# Give me a quick lesson on tempering chocolate puhlease!



## blueribboncakes (Dec 19, 2000)

I just won 10 lbs of Peter chocolate at a cake deco club banquet. Now what do I do?


----------



## w.debord (Mar 6, 2001)

The chocolate they handed you is tempered. You don't have to do anything to it to store it. Just keep it in a cool place wrapped up well. Just chop some of the block when you need to use some chocolate in cookies, cakes etc...


Are you trying to make something and you need to learn how to temper?


----------



## isa (Apr 4, 2000)

Here are instructions on how to temper chocolate:
http://www.epicurious.com/run/recipe/view?id=15789


----------



## thebighat (Feb 21, 2001)

I just checked that link out. Couldn't have said it better myself.


----------



## blueribboncakes (Dec 19, 2000)

Thanks friends. I will probably use it to wrap cakes,and or dip strawberries and the like... thanks a bunch


----------



## svadhisthana (May 6, 2001)

Shirely Corriher, "Cookwise" has a section on chocolate.


----------



## svadhisthana (May 6, 2001)

Additional information on chocolate www.mrchocolate.com


----------



## bakingpw (Jun 30, 2001)

JUST FOR THE RECORD...All chocolate that comes in a block form has been tempered to be in that form BUT you still have to melt it down, which gets it out of temper. So, you must re-temper to use for garnishes, etc.. Also, Peter's is hard to get into and keep in temper.


----------



## roon (Jan 9, 2002)

I'm a little confused. I've never heard of tempering (never needed it before!) and I'm still a little lost.

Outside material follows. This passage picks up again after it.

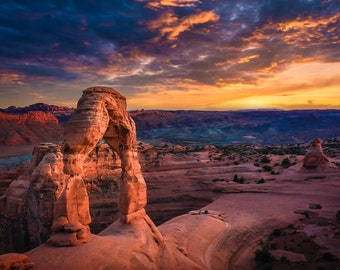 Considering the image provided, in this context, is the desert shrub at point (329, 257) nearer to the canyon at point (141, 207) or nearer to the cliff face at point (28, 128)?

When is it necessary? Just for when you want to coat something with melted chocolate (and let it harden afterwards) or with anytime you want to melt chocolate?

I want to make a chocolate sauce (one that won't harden like a glaze). Is tempering necessary for this?


----------



## momoreg (Mar 4, 2000)

No, you don't need to temper chocolate for sauces, mousses, cakes, or other desserts.

Tempering chocolate is for molded chocolates and showpieces. It basically keeps the cocoa butter from separating (blooming) to the surface of the chocolate, by keeping all the molecules in place. If you were to make molded chocolates without tempering, they'd likely stick to the mold, break easily, and eventually develop a whitish sheen on the surface. Not very pretty.


----------



## anneke (Jan 5, 2001)

Momoreg,
are they not also more sensitive to heat when not tempered? (ie: they melt upon contact)


----------



## panini (Jul 28, 2001)

blueribboncakes,
Like Wendy said, it is more than likely semi sweet coating. Its already tempered and it probably won't need to be tempered.
It a big hershey bar- cook with it. BTW no knock on Hershey's, I think the hershey bar is one of the best examples of tempered chocolate. Well, kind a chocolate. :bounce:


----------



## momoreg (Mar 4, 2000)

More heat sensitive? I don't believe so...even tempered chocolate melts at body temp. It's the cocoa butter that has a low melting point, and even if the molecules are differently distributed, they still melt at the same temp.


----------



## eeyore (Nov 26, 2000)

Im confused....If you are going to melt chocolate and reshape it in any way and it is going to show you have to temper it. 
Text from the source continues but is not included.